Models Studio enables enterprises to tailor foundational language models to their domain-specific needs. With built-in tools for fine-tuning, external model integration, and deployment management, users can enhance base models using proprietary datasets or bring in commercial and open-source models to diversify and strengthen AI capabilities. Learn more .

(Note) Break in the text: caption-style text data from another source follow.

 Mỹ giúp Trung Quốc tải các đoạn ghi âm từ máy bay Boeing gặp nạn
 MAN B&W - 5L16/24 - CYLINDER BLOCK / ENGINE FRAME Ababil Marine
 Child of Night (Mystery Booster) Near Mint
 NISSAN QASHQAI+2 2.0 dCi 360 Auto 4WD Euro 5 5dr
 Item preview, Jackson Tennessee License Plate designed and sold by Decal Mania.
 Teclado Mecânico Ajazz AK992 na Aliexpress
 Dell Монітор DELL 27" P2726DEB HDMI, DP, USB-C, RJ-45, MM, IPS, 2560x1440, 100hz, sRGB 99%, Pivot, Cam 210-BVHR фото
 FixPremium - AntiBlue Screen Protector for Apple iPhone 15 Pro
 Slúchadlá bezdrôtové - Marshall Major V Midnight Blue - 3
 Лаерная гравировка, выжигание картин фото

  • Fine-tune models with your enterprise data.
  • Import 30+ open-source models or connect to providers like OpenAI, Anthropic, Cohere, and Google.
  • Quickly deploy models with custom parameters and infrastructure settings.

Prompt Studio

Prompt Studio is a workspace for developing, experimenting with, and optimizing prompts. It supports multi-model testing, template-driven design, and version control, helping teams find the best-performing prompt configurations through an iterative process. Whether testing open-source or fine-tuned models, Prompt Studio accelerates prompt refinement and deployment. Learn more

  • Compare prompts across different models in real time.
  • Use 65+ prebuilt templates or build from scratch.
  • Manage versions, incorporate variables, and export results for collaboration.

Evaluation Studio

Evaluation Studio provides a structured environment to analyze and benchmark the performance of LLMs using diverse datasets and scoring methods. Users can apply built-in evaluators or define custom evaluators to assess outputs for coherence, factual accuracy, safety, and more. Results are visualized and tracked across evaluation sessions for continuous improvement. Learn more .

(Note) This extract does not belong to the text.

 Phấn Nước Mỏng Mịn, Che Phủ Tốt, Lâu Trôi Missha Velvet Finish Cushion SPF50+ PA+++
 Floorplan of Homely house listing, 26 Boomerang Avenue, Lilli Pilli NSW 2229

  • Evaluate models using prebuilt or custom evaluators (e.g., coherence, toxicity).
  • Import datasets from production or offline sources.
  • Collaborate on evaluation projects and track longitudinal performance.

Guardrails

Guardrails are safeguards that ensure AI-generated responses from large language models (LLMs) are appropriate, safe, and aligned with organizational or regulatory standards. They enforce safety, privacy, and contextual relevance by scanning both inputs and outputs using a configurable set of scanners to detect issues such as prompt injection, offensive language, bias, and more. Guardrails play a critical role in maintaining ethical compliance and trust in AI-driven applications. Learn more .

  • Built-in scanners for toxicity, prompt injection, bias detection, and PII anonymization.
  • Define acceptable topic boundaries using ban-topic rules and regex patterns.
  • Monitor and mitigate risk in real time during AI interactions.

Together, these capabilities streamline the development, testing, deployment, and monitoring of intelligent, responsible AI solutions.